====== Extracted data ======

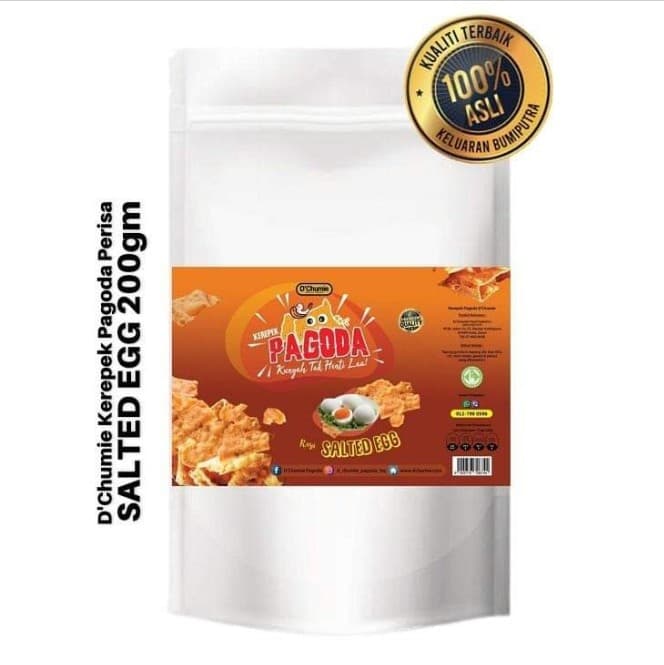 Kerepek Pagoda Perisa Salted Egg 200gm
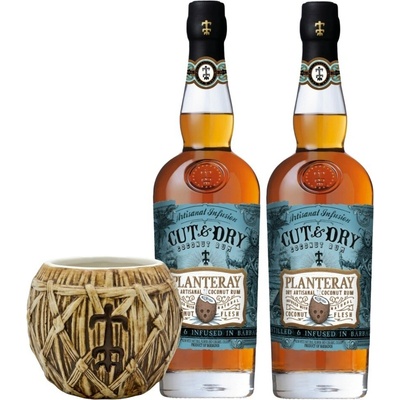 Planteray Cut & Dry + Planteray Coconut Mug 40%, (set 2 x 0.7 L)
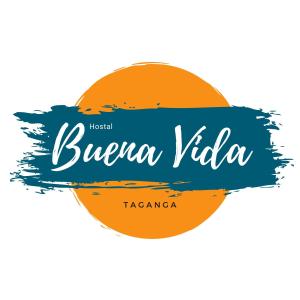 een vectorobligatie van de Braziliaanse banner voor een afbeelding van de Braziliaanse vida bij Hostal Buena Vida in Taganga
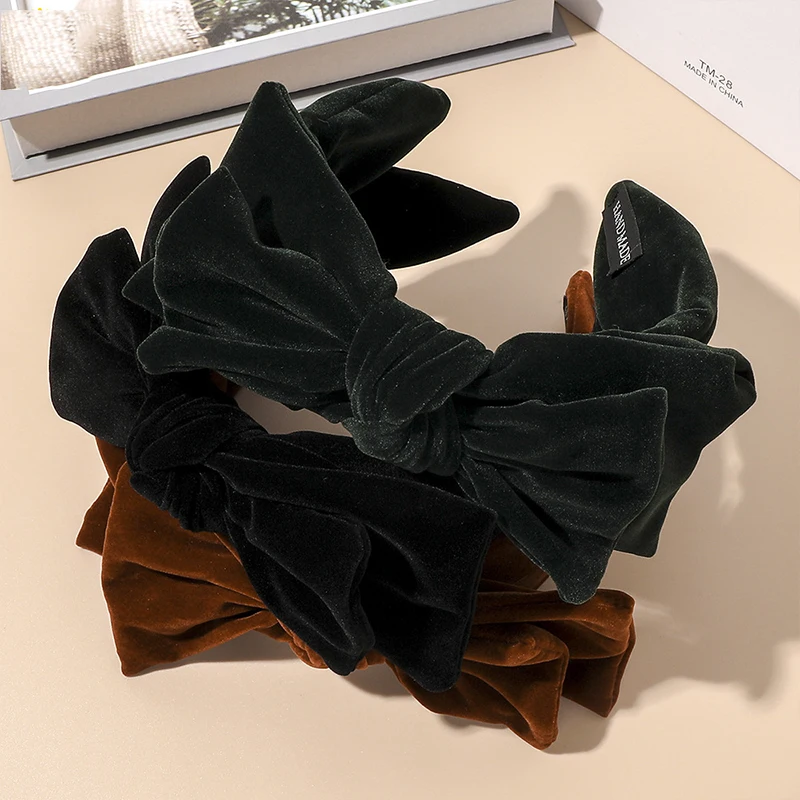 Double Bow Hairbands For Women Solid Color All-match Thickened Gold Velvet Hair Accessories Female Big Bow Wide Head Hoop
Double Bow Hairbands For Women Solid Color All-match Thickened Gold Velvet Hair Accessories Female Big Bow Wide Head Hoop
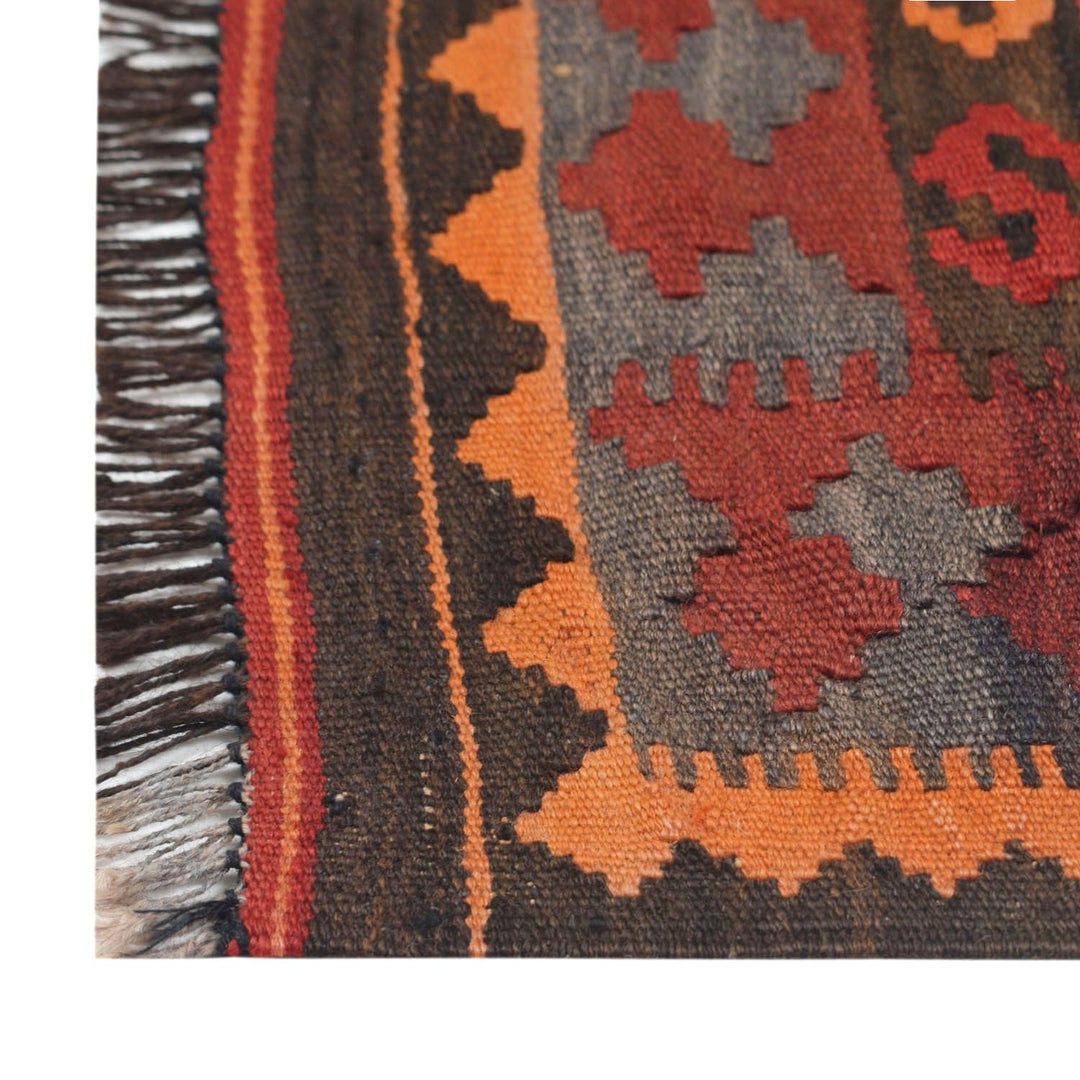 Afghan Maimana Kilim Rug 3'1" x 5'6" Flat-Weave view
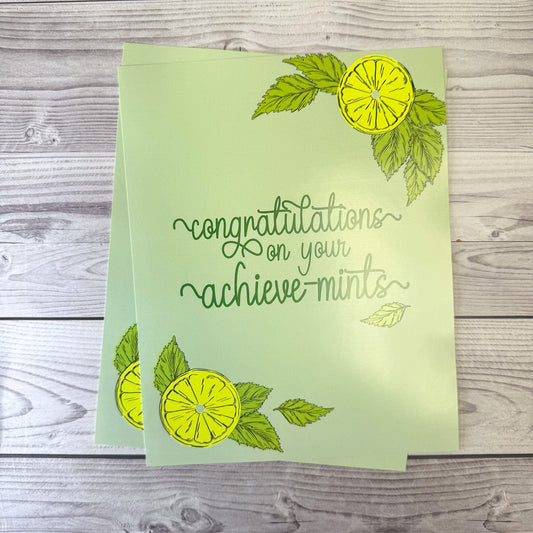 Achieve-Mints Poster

======
====== Extracted data ======

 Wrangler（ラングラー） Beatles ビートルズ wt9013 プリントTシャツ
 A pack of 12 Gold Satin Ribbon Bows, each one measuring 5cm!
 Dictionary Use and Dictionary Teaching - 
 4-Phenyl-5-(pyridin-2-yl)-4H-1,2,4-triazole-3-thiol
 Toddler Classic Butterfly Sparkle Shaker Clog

======

* Goal of the exercise
Would you please reproduce the entries above, starting at the line with "Afghan Maimana Kilim" and stopping after the line with "Achieve-Mints Poster"? Omit any pictures.

* Answer to this problem
 Afghan Maimana Kilim Rug 3'1" x 5'6" Flat-Weave view
 Achieve-Mints Poster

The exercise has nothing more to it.